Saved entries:
####
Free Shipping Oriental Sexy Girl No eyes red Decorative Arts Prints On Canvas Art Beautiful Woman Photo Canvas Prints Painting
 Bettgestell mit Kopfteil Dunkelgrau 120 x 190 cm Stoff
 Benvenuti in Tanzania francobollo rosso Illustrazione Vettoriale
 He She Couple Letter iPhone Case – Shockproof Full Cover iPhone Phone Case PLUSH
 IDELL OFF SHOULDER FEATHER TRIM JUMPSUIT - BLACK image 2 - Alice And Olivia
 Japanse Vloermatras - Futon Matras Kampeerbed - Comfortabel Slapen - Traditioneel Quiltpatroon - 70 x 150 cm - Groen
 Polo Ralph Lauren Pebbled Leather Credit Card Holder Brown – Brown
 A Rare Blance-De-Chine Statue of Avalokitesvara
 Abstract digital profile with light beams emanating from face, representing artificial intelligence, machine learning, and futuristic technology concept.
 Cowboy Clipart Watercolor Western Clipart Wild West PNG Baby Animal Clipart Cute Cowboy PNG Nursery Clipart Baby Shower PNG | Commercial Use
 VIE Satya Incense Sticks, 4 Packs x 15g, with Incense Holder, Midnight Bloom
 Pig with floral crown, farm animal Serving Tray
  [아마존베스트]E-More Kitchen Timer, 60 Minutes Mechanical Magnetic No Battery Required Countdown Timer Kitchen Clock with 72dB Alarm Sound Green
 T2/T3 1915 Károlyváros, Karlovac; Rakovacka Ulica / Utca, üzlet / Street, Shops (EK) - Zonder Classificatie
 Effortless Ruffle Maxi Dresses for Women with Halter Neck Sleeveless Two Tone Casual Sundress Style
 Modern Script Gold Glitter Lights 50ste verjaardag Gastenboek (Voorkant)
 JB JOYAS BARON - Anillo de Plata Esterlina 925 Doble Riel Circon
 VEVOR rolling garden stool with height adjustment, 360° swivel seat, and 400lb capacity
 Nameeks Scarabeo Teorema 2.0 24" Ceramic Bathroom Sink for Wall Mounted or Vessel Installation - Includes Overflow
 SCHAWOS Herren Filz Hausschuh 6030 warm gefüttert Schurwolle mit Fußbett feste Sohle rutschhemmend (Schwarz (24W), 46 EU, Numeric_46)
####
● Exercise goal: Counting only lines that contain the string "Holder", how many are there in the data above? Give the number alone.

● Solution to this task: 2